== What you are asked to do ==
Here is the task for the records below: repeat exactly the lines from the one with "a bedroom with" to the one with "living area featuring", both included, and nothing else.

== Records for this task ==
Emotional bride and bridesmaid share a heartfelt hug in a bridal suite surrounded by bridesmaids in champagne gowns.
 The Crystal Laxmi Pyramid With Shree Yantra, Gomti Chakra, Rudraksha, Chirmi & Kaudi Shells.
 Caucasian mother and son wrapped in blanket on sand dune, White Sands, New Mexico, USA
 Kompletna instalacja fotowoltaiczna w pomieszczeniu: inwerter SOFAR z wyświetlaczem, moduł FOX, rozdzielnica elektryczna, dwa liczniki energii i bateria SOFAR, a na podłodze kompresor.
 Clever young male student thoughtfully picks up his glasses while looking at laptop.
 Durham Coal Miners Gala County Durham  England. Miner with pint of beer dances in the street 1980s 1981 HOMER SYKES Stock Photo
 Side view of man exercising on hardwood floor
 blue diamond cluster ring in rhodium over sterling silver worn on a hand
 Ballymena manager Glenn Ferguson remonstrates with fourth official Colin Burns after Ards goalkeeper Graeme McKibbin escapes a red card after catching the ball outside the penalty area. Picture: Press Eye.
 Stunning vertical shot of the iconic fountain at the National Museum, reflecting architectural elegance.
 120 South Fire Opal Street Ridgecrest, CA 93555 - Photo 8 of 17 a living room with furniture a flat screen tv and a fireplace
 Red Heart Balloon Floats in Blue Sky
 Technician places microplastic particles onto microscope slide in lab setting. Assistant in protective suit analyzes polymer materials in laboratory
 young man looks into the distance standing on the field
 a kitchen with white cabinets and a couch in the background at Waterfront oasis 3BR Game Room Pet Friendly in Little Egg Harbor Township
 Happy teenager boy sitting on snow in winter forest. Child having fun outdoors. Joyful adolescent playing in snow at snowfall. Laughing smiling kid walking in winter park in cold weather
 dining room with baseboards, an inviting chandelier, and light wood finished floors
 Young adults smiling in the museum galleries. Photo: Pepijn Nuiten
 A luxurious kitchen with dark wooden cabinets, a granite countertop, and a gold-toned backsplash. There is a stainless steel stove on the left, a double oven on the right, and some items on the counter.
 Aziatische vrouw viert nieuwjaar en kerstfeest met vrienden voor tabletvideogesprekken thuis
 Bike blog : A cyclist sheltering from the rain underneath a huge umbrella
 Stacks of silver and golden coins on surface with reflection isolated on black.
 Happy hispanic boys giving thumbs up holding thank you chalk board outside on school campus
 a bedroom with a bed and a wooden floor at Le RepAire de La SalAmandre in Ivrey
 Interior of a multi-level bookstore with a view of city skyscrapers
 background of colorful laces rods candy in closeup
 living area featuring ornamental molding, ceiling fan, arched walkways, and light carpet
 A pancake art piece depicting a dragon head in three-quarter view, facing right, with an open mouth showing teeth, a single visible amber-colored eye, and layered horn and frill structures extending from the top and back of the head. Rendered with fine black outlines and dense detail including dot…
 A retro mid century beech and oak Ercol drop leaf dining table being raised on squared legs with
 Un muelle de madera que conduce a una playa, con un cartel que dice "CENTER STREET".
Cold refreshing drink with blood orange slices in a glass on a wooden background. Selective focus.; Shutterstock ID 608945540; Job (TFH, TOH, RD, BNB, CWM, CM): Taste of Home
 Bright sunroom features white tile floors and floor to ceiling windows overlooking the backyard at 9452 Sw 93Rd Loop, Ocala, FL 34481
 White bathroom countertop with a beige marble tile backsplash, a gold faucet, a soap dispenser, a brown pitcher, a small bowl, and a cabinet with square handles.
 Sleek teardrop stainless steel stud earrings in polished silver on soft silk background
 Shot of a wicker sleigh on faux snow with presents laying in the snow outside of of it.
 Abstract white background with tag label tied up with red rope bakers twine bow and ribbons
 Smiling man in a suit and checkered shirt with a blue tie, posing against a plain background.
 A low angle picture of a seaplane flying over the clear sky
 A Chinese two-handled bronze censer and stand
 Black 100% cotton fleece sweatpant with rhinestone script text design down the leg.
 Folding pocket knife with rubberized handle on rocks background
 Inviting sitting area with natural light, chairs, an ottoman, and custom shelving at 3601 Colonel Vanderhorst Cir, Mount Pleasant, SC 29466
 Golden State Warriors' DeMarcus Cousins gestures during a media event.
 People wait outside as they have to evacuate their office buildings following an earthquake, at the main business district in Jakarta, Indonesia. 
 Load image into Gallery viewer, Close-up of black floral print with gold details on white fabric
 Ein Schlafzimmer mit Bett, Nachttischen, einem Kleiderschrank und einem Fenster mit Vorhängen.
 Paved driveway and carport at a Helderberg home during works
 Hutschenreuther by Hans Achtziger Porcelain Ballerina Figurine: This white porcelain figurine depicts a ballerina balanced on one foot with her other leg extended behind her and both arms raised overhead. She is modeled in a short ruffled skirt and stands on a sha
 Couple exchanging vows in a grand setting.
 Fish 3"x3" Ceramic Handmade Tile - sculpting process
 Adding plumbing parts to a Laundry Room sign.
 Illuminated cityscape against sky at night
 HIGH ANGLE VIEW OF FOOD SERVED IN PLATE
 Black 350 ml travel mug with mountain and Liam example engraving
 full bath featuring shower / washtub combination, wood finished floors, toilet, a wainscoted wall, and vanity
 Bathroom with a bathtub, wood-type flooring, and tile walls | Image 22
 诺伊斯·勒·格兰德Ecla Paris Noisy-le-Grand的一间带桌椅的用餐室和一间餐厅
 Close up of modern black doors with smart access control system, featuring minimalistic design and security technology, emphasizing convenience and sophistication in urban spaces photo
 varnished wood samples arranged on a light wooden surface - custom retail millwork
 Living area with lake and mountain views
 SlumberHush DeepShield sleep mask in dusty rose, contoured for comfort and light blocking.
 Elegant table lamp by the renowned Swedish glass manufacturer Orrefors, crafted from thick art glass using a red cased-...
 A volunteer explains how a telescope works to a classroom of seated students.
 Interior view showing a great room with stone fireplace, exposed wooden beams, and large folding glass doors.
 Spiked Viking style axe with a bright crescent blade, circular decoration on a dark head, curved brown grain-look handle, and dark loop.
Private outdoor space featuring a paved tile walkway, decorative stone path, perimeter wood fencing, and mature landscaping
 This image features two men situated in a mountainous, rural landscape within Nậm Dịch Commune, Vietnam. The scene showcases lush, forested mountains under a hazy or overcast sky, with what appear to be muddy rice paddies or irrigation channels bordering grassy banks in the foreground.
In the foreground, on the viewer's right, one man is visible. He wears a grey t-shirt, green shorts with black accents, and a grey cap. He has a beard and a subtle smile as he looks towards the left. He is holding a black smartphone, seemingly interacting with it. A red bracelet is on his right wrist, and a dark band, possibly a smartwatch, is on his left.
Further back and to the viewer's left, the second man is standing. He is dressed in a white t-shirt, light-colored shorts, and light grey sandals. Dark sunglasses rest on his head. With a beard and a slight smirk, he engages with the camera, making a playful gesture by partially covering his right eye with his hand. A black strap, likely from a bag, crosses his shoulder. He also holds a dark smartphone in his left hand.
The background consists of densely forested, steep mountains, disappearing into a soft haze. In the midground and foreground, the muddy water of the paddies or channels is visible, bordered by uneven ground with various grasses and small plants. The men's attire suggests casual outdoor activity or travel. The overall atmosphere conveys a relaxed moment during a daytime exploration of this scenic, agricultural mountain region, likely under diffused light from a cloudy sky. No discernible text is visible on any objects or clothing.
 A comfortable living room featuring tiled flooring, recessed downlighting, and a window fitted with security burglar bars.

== Answer to the exercise ==
 a bedroom with a bed and a wooden floor at Le RepAire de La SalAmandre in Ivrey
 Interior of a multi-level bookstore with a view of city skyscrapers
 background of colorful laces rods candy in closeup
 living area featuring ornamental molding, ceiling fan, arched walkways, and light carpet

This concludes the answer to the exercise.